This will typically also involve completely unnecessary changes, because when you're merging unrelated changes anyway, the unnecessary ones are swept up in the noise. At best they complicate rebases for other contributors, but too often they also cause outright regressions.

It goes without saying that the commit messages are a write-off at this point, because even if they felt motivated to take the time to comment it clearly, the change is so messy and nebulous that it becomes hard to comment on. If their code gets reviewed it's more likely the reviewer gives up and stamps it so they no longer have to look at it.

Most people still don't seem to know that `git add -p`, `git reset HEAD`, `git stash`, `git rebase --interactive`, etc. are even available. They never learn what git is capable of, so they act like version control is a bureaucratic obligation rather than the peerless superpower that it can be. The problems they cause don't end at their terminal though, because now they've made a mess of the repository for every other contributor as well.


> git add -p

That command is a UX monstrosity and don't ever prompt any junior to use it. Use magit, use jj, use your IDE, just not that.
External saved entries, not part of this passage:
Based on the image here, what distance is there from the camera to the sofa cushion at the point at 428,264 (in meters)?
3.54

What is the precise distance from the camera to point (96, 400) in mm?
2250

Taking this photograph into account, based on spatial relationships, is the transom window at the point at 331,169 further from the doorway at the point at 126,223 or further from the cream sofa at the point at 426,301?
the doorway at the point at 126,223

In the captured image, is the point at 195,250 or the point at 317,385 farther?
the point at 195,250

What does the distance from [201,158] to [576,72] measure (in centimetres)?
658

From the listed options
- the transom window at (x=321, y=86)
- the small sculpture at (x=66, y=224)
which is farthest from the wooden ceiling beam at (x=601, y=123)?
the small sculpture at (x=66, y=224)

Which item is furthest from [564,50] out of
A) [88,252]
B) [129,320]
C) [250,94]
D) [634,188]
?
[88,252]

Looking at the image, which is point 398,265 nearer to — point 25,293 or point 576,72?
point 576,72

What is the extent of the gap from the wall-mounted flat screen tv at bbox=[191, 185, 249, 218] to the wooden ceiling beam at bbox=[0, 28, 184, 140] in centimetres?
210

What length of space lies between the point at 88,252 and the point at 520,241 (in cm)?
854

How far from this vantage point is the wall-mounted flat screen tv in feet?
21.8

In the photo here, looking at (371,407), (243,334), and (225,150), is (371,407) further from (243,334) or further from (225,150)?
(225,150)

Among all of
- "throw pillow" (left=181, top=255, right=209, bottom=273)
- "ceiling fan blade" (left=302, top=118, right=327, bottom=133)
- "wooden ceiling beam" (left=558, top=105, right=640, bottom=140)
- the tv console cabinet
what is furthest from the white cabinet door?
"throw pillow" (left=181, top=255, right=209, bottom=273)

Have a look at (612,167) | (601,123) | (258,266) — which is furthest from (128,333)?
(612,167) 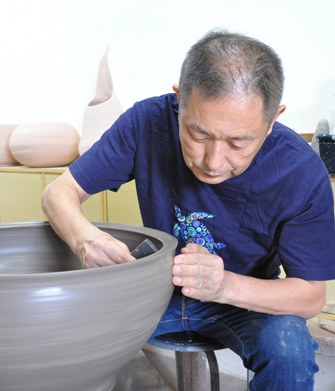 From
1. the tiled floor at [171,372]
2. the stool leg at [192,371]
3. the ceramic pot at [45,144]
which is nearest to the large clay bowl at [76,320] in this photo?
the stool leg at [192,371]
I agree with your overall sentiment however. I try to measure up commits in anticipation of future revert(s). A commit is a minimal change that can still (1) pass UT (2) become a sensible revert one day. That's my measuring stick.
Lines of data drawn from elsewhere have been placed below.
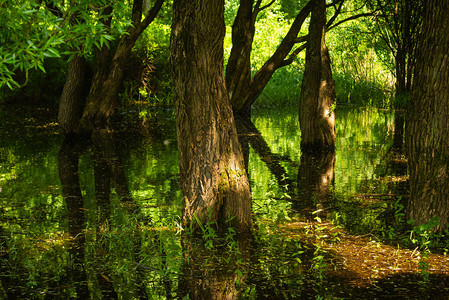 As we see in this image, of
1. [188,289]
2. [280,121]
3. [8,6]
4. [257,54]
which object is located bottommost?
[188,289]

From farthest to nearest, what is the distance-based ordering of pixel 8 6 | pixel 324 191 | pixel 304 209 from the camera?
pixel 324 191, pixel 304 209, pixel 8 6

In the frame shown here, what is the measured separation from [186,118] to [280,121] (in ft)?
35.8

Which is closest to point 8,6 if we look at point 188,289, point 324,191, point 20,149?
point 188,289

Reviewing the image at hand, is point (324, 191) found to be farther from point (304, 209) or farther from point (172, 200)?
point (172, 200)

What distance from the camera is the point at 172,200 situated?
7.07m

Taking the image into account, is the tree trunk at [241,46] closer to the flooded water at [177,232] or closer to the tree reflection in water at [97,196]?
the tree reflection in water at [97,196]

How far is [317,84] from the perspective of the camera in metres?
9.61

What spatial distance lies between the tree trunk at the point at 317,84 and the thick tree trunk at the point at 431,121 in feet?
13.4

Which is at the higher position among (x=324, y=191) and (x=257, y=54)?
(x=257, y=54)

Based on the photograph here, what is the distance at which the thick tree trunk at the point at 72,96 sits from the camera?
11758 mm

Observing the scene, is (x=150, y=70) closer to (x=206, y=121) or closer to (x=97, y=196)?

Big fan of the straussian commit message/commentary style. You read it once and think you understand, but you come back to it much later and understand it in a second, deeper way. There’s an art to this that some people seem to have. Maybe it correlates to taste.


I have a different opinion about favourite Git commit messages.

I think commits should be small steps that display the thought process of the author. Every individual commit should be self-explanatory. So the commit message should not describe (again) what the changes are but why it’s necessary. Sometimes the change is not self-explanatory and then I'd put a longer description below.

Somehow I came up with this on my own, so I'd be interested if it really makes sense or if others have a similar style.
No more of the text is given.